Anche il Galles aveva miniere di buon carbone non le pietre, la lignite e lo solfo del Sulcis, eppure negli anni ’80 subì una crisi devastante di fronte alla importazione di ottimo minerale a basso costo estratto fuori dalla Gran Bretagna ed al ridimensionamento del settore voluto dalla signora Thacher. Quella terra, nota sino allora solo per le miniere, ha saputo rinascere grazie ad una intelligente politica che favorisce gli investimenti delle imprese. Turismo e tecnologie avanzate hanno reso il Galles, e l’Irlanda, le regioni europee mitiche, che le multinazionali americane e giapponesi privilegiano dovendo effettuare un investimento in Europa, grazie ad agevolazioni fiscali, flessibilità del lavoro, costi bassi dei servizi.
Eppure la Sardegna ha potenzialità straordinarie che il Galles neppure si sogna. E’ ad esempio una bellissima terra, in un’epoca in cui la bellezza è la cosa più ricercata e pagata al mondo.
Perché il Galles sì e la Sardegna no?
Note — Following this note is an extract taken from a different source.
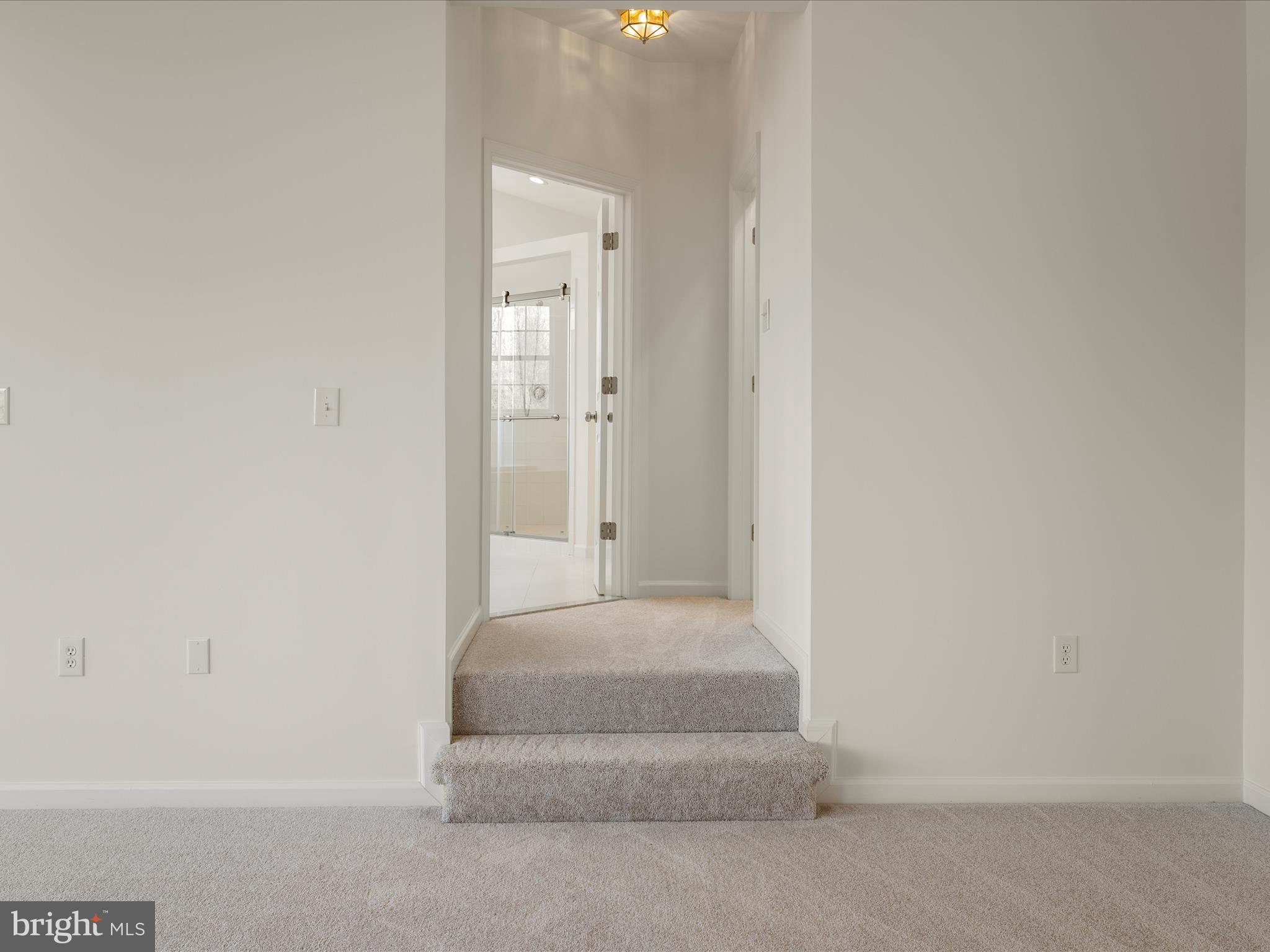 11517 Mica Pl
Il Galles ha saputo contrattare con il Governo centrale una vera autonomia che si esprime in fatti certi: tasse sugli utili aziendali al 31% che scendono al 21% per le piccole imprese con fatturato inferiore alle trecentomila sterline, basse tariffe per energia elettrica, combustibile e telecomunicazioni, costo del lavoro diretto inferiore a quello medio britannico e contributi sociali al 10%, un quarto di quelli italiani, normativa sul lavoro industriale tra le più semplici. Altro che 35 ore, in Galles non c’è alcun limite all’orario settimanale. E si è pagati in proporzione.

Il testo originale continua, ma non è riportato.